───── Stored data ─────

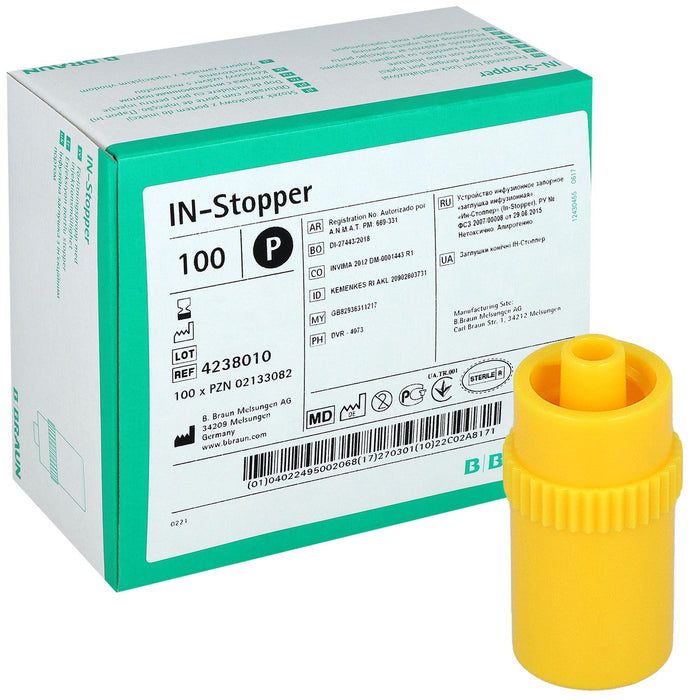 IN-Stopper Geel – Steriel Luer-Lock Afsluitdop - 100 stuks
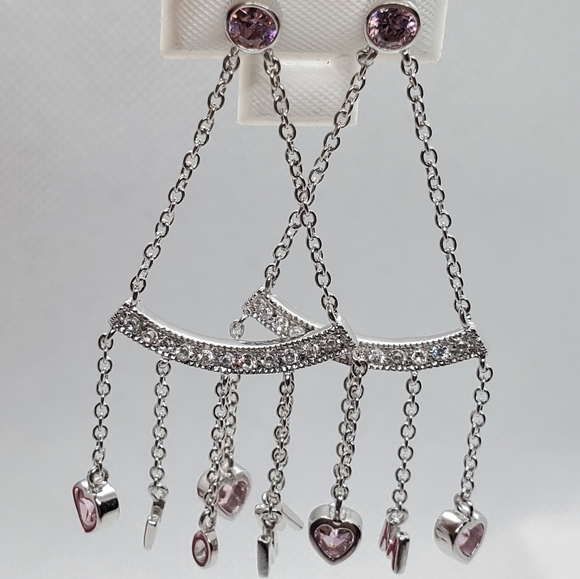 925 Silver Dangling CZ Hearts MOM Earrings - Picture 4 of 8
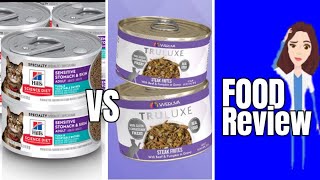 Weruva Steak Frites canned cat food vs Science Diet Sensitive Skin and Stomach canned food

─────

#### [Work task]
Make an exact copy of the listing above. Do not include the pictures.

#### [Answer to this task]
 IN-Stopper Geel – Steriel Luer-Lock Afsluitdop - 100 stuks
 925 Silver Dangling CZ Hearts MOM Earrings - Picture 4 of 8
 Weruva Steak Frites canned cat food vs Science Diet Sensitive Skin and Stomach canned food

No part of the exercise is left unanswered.